That surprised me. Executive, the general police and warfare force of Galactic Civilization, was very defensive of its purview. They resented
the prestige afforded Predators. “Why?”
“The Green Disk is a big asteroid belt to go searching. The Rineret are stealing seeds.” The Symbionts launched seeds between the asteroids.
“The Executive discovered that?”
“Yes. Executive ships followed new seed launches, but many seeds were gone by the time they caught up with them.”
Now I understood why we were here, and why the Executive had asked the Predators onto their turf, and why we were all stretching the rules a little bit.

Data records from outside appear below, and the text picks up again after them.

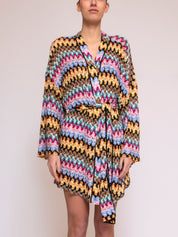 Missoni Copricostume S91NA MULTI DARK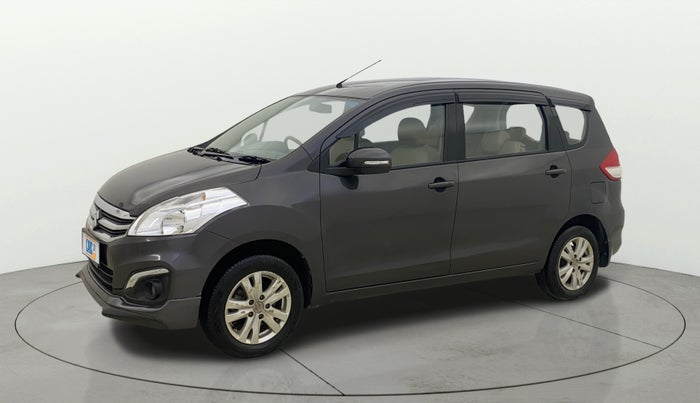 2018 Maruti Ertiga ZXI+, Petrol, Manual, 51,984 km, Left Front Diagonal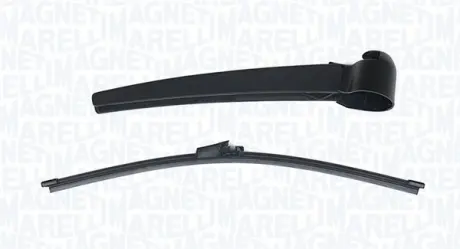 Рычаг заднего стеклоочистителя со щеткой MAGNETI MARELLI 000723180191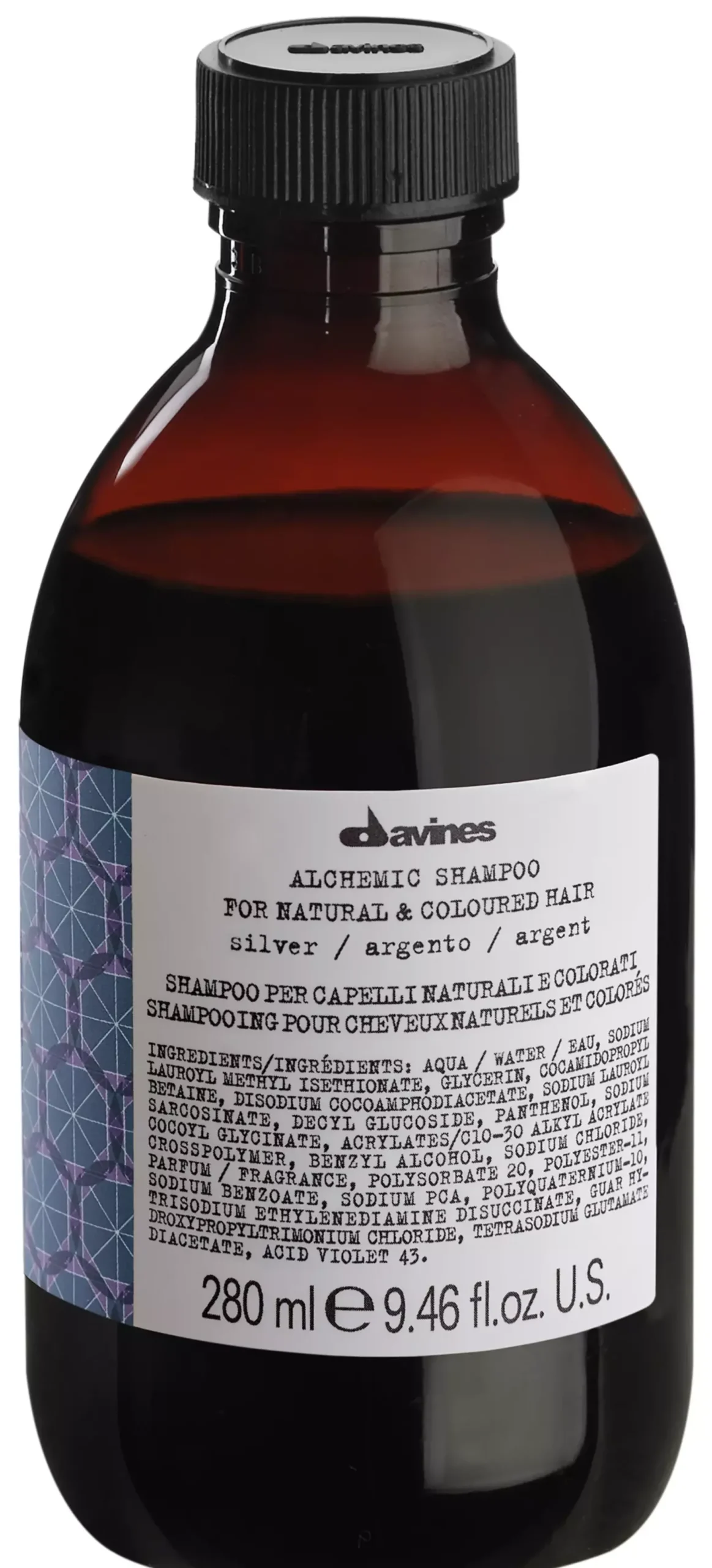 DavinesAlchemic Shampoo Silver 280 ml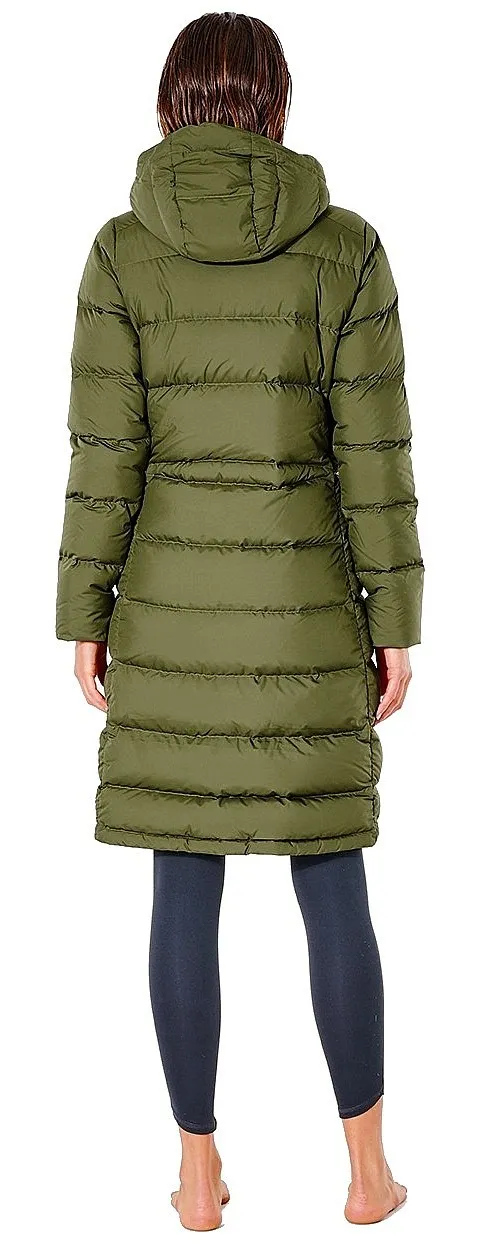 ABRIGO RIP CURL ELLITE ANTISERIES  DARK OLIVE  WOMEN´S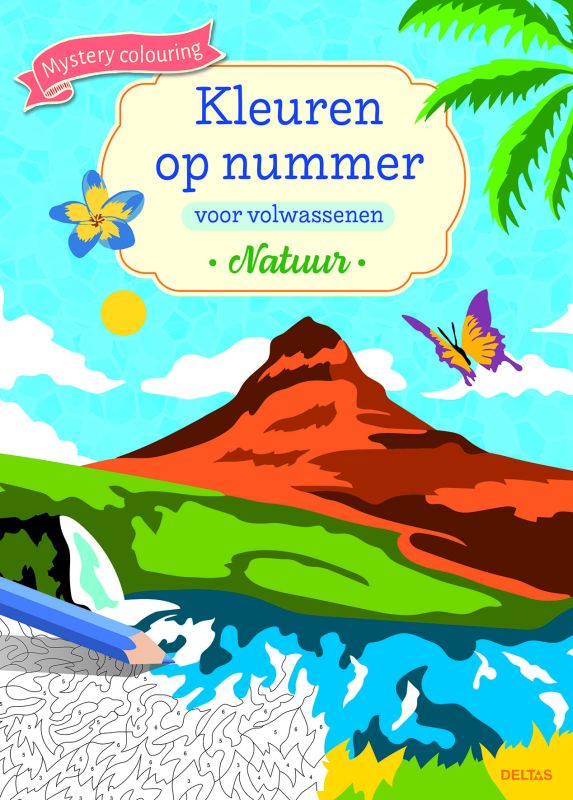Verf op nummer kits voor volwassenen beginners, doe-het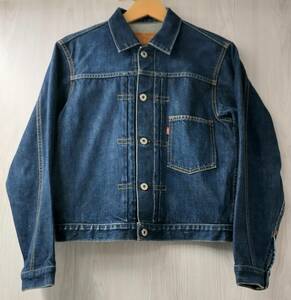 LEVI’S リーバイス 71506XX Gジャン(デニムジャケット) 1st復刻 サイズ36 インディゴ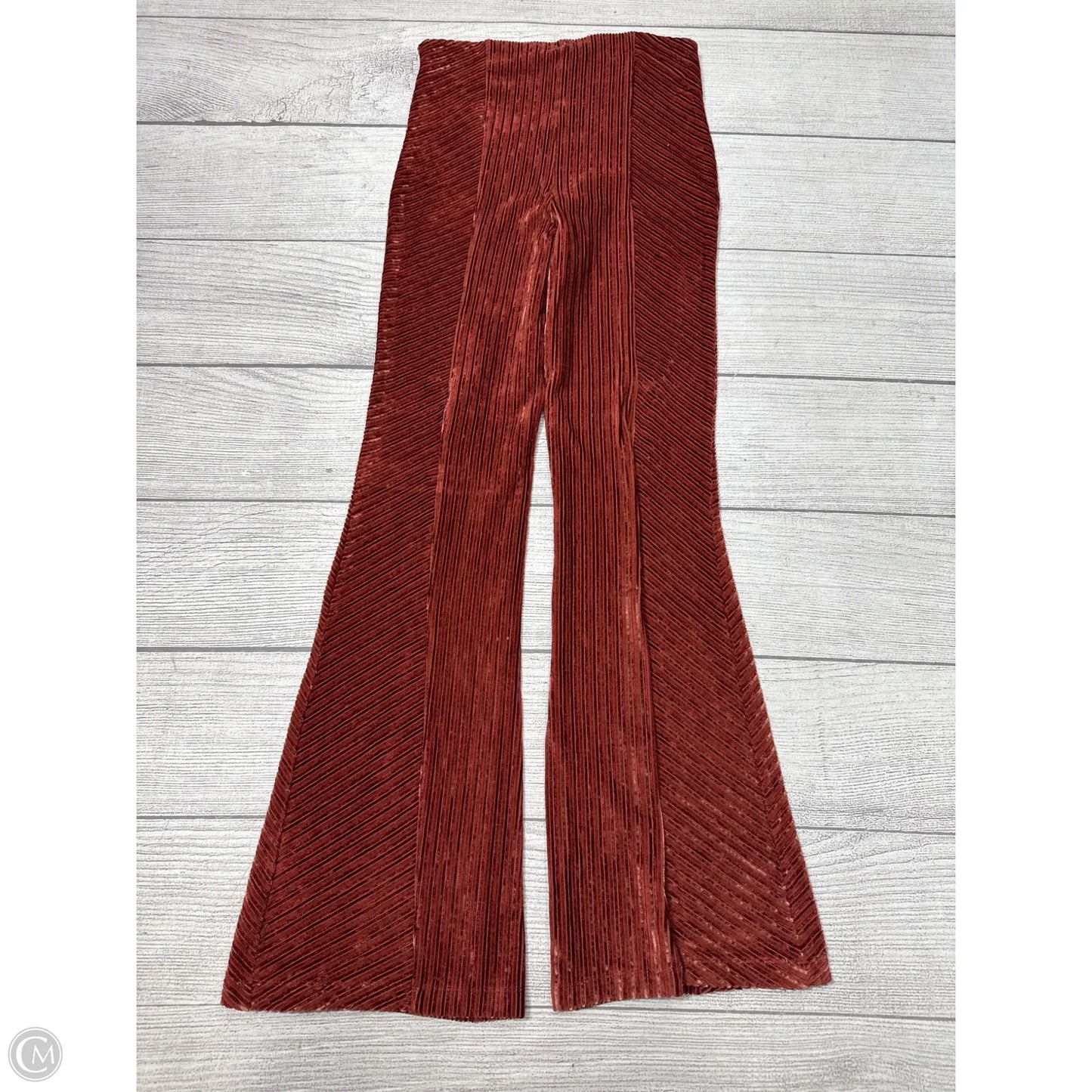 Pants Dress By Free People In Orange, Size: M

“So the Rineret have some kind of very fast, very quiet ship out here. But a Predator Cruiser, with twin inertial suppression,
accelerates faster than anything in the known Galaxy.”

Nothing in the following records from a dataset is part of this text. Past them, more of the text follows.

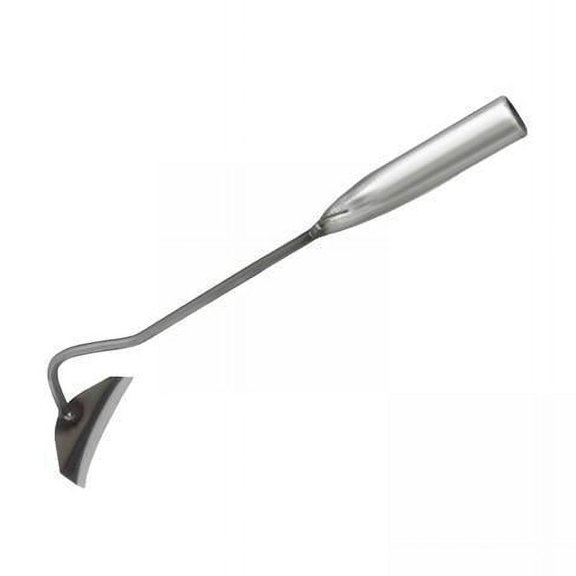 Colaxi 2xGarden Weeder Tool Metal Lightweight 11'' Manual Hoe for Lawn Yard Courtyard 1Pcs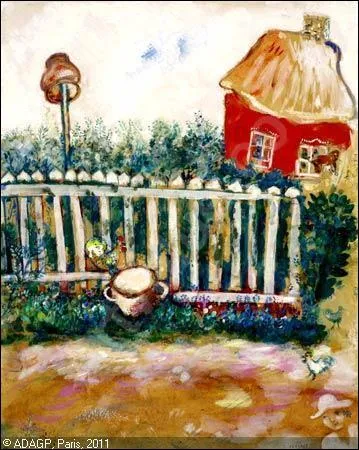 Quelle fable pourrait tre dcore par cette toile ?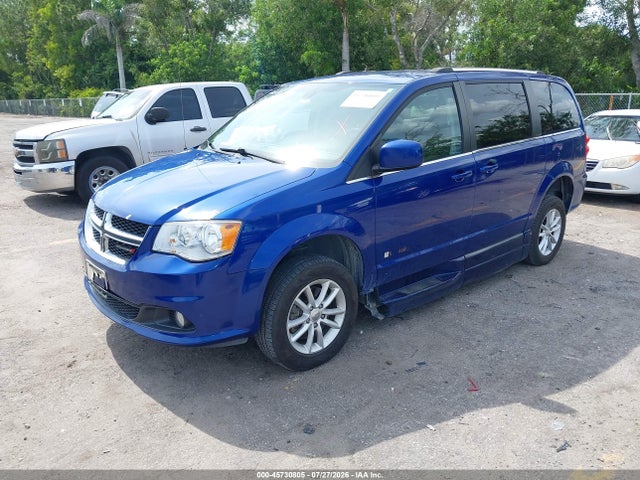Продаж на аукціоні авто 2018 Dodge Grand Caravan Sxt, vin: 2C7WDGCG1JR309986, номер лоту: 45730805
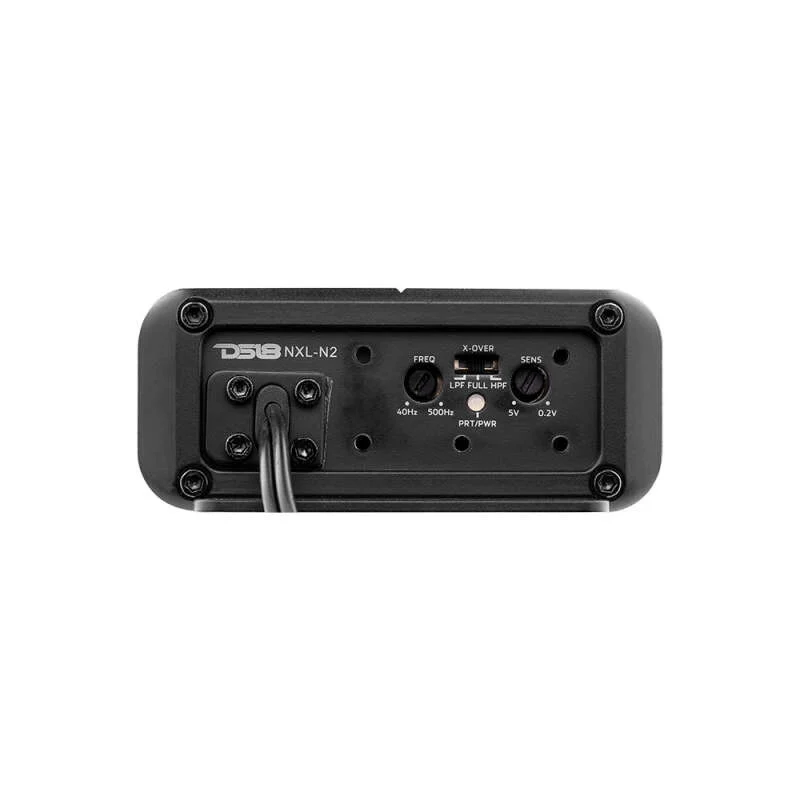DS18 2-Channel Class-D Amp Full-Range 2x 100 Watts RMS at4 ohm IP67 Waterproof Rating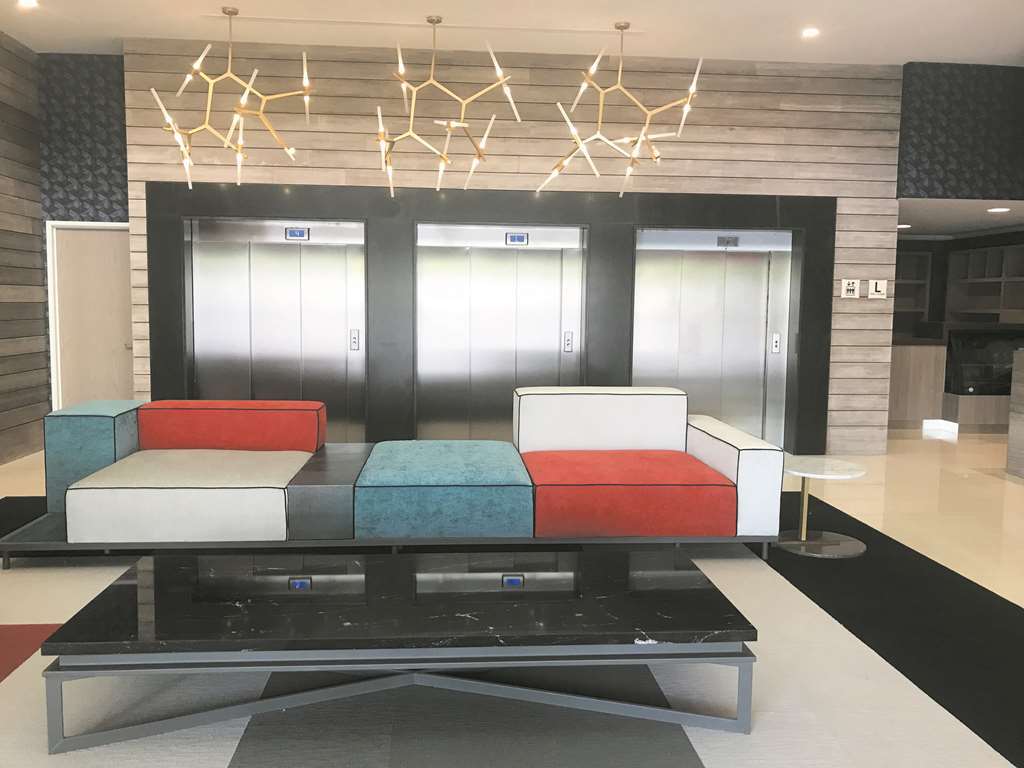Hilton Garden Inn Leon Poliforum Inreriör bild
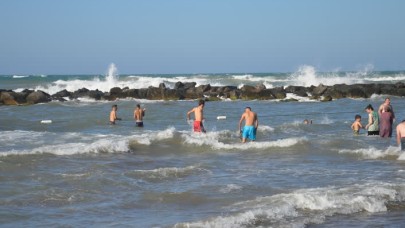 Sakarya'da denize giriş yasaklandı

Bria opened her mouth wide and drew her lips over white teeth, exposing a slick, dark red tongue. A Sussuratian smile, predatory and sly. “Yessss. This ship is fast.”
The plan was simple. The seed launches were uncommon, and the Galactic station here had probes all over the system to identify when they happened. We would move around and chase each seed that launched in our vicinity, relying upon station data to plot the trajectory. The goal was to surprise a ship as it matched vector with and grabbed a seed. We didn’t have to wait long. We nearly matched orbit with the Galactic base when they transmitted that a seed had just launched, and within range: fifty thousand klicks. Bria turned on the twin inertial suppressors. The point of having two was so you could tune an inner field to greater damping, but use the outer field to only slightly dampen the outer hull’s inertia. This was necessary to keep our heat signature low. We took off at five gees, feeling only about one and a half inside.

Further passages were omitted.